Pertunjukan menjadi sentimentil sebab Jemek tampaknya tidak banyak bergerak berpantomim. Secara gestur ia lebih banyak diam bersembunyi dibalik sinyal dan simbol, melalui gerak-gerik kecil ekpresi wajah dan pose, juga secara biasa mulai menghidupan lilin-lilin satu-persatu di depan puluhan kaca pengilon kecil. Asita dan Broto turut membantu menyalakan. Jemek memainkan cahaya dari pantulan ligthing yang mengenai dua kaca yang dipegannya bergantian. Suasana gerak-gerik pemain di atas panggung dengan komposisi cahaya lilin yang menyala silih berganti, sungguh puitis seperti sajak liris dari irama lagu ‘Hujan Bulan Juni’ Sapardi Joko Damono.
 |
Asita sibuk bekerja di kantor, sedang Broto
suka ‘leyeh-leyeh’ dalam Ngiloghitok
(Foto: Ficky Sanjaya) |
Ketika lilin menyala seluruhya, Jemek membawa beberapa kaca dan dibagikan kepada penonton. Ketika kaca sampai ketangan para penonton, suara lirih ajakan ngilo menggema dari dalam sound. Kaca masih terus dibagikan dibantu Asita dan Broto, Lampu penoton kemudian menyala, penonton saling melihat, ada yang spotan langsung berkaca, ada hanya berdiam. Namun ajakan ngilo terus menggema hingga akhir pertunjukan.
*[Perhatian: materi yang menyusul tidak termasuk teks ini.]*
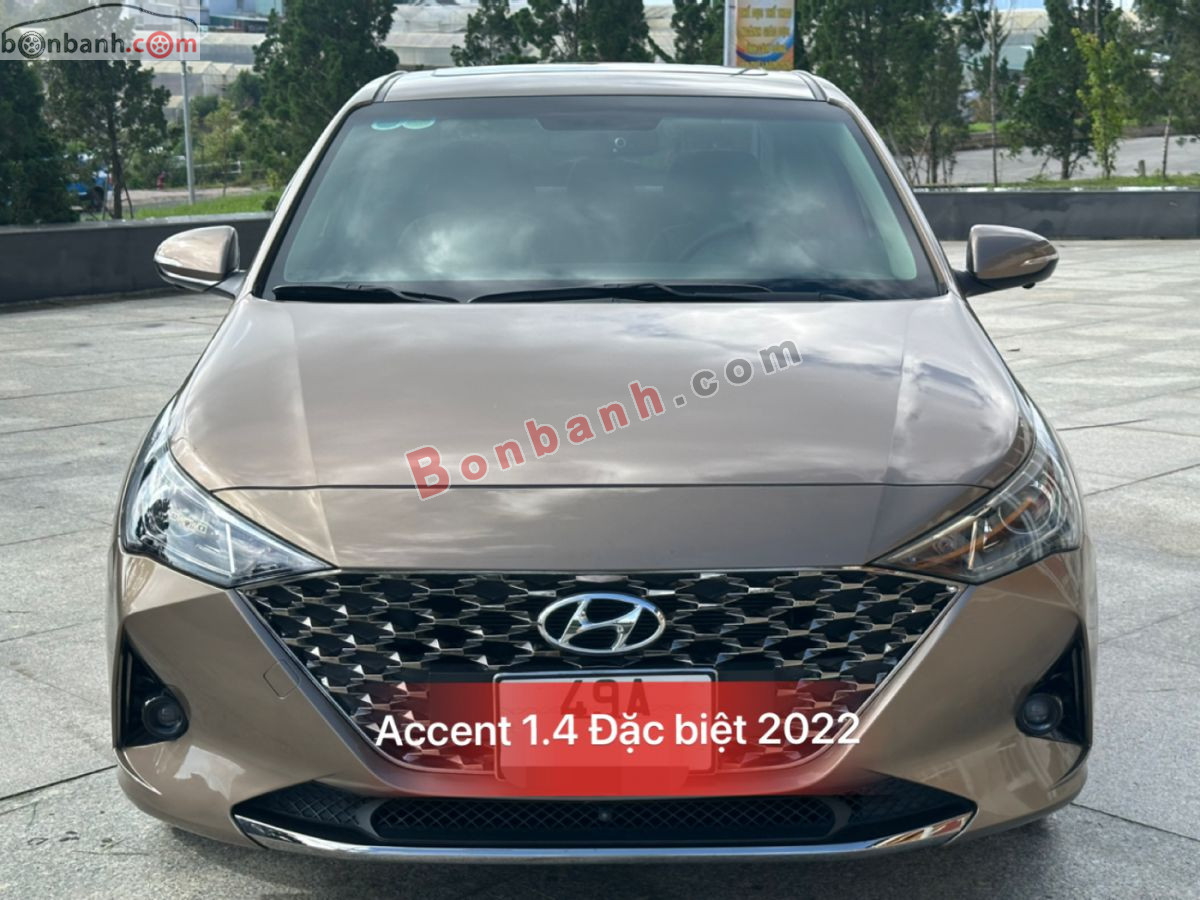 Bán ô tô Hyundai Accent 1.4 AT Đặc Biệt - 2022 - xe cũ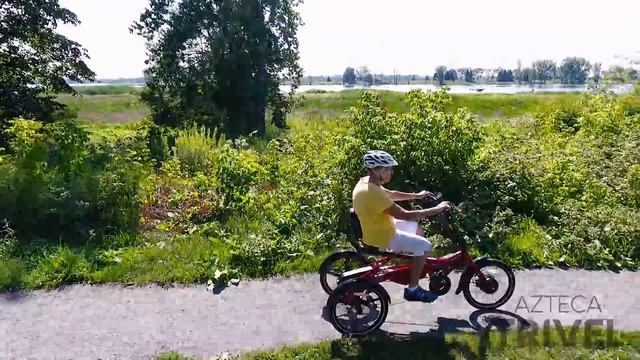 TRIVEL E-Azteca electric tricycle смотреть онлайн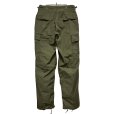 画像5: 程度良好!!【60's】【米軍実物】【ビンテージ】 【U.S.ARMY】ノンリップ【ジャングルファティーグパンツ】【M-Long】<br> (5)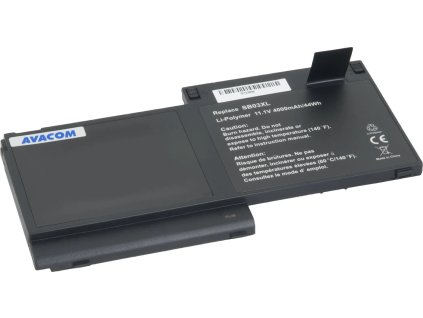 avacom hp elitebook 820 g1 li pol 11 1v 4000mah 44wh ien425020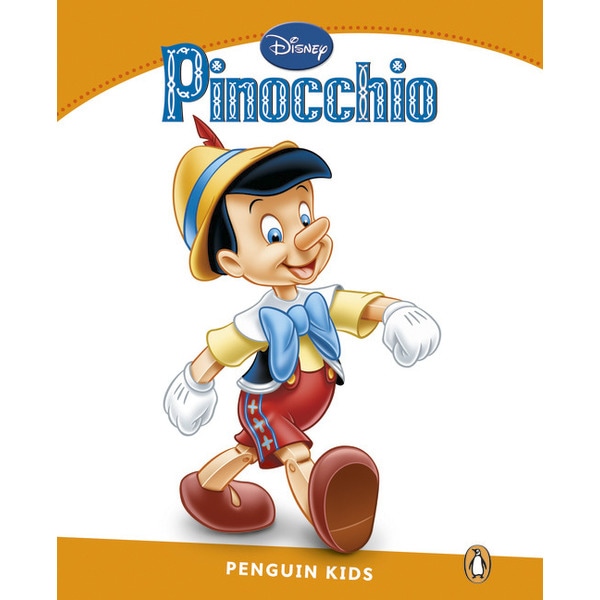 Penguin kids 3 pinocchio reader(Tapa blanda) 1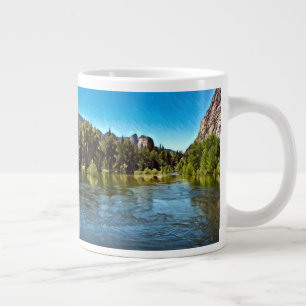 YOSEMITE OASIS Jumbo Mug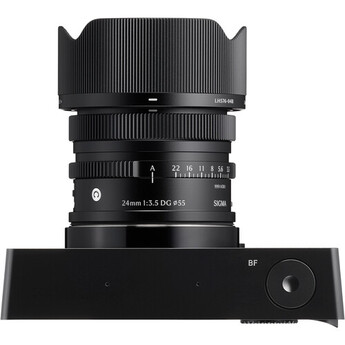 Sigma 24mm f/3.5 DG Contemporary Lens (L-Mount, Black) — thumbnail 6
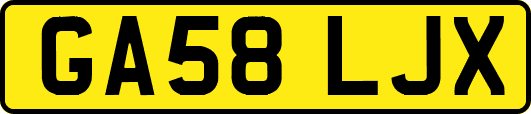 GA58LJX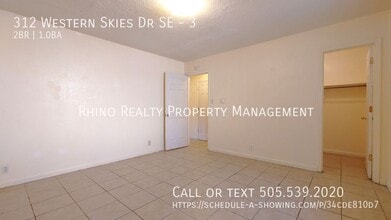 312 Western Skies Dr SE in Albuquerque, NM - Building Photo - Building Photo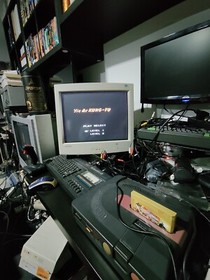 NES FAMICOM LUNAR BALL, YIE AR KUNG FU, LODE RUNNER, F1 RACE,  GAME ONLY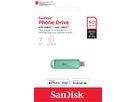 SanDisk Phone Drive USB-C 512GB grün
Puncaknya sebuah kain putih disingkap, muncul kaca pengilon berukuran besar dimana Jemek awal sebelumnya duduk berdandan. Para pemain bermain sebentar dengan bayangan dari anggota tubuhnya yang mucul dikaca, sebelum akhirnya berpose diam, cahaya benderang menerang seluruh aktor dan kemudian redup dengan cepat.
Rangkaian pertunjukan yang kurang-lebih 60 menit tersebut didukung oleh Sanggar Seni Kinanti dan Pendopo Art Space, melibatkan stuktur produksi lengkap meliputi sutradara : M. Shodiq Sudarti, penata bunyi : Guntur Nur Pusputo, Artistik: Warto Ibrahim, duo Teguh dan Tholi, Erfianto Wardana, Sound Uta, Gendon, dan Blass Grup, Kostum : Dian Santyas, dan dibantu oleh bebera crew panggung.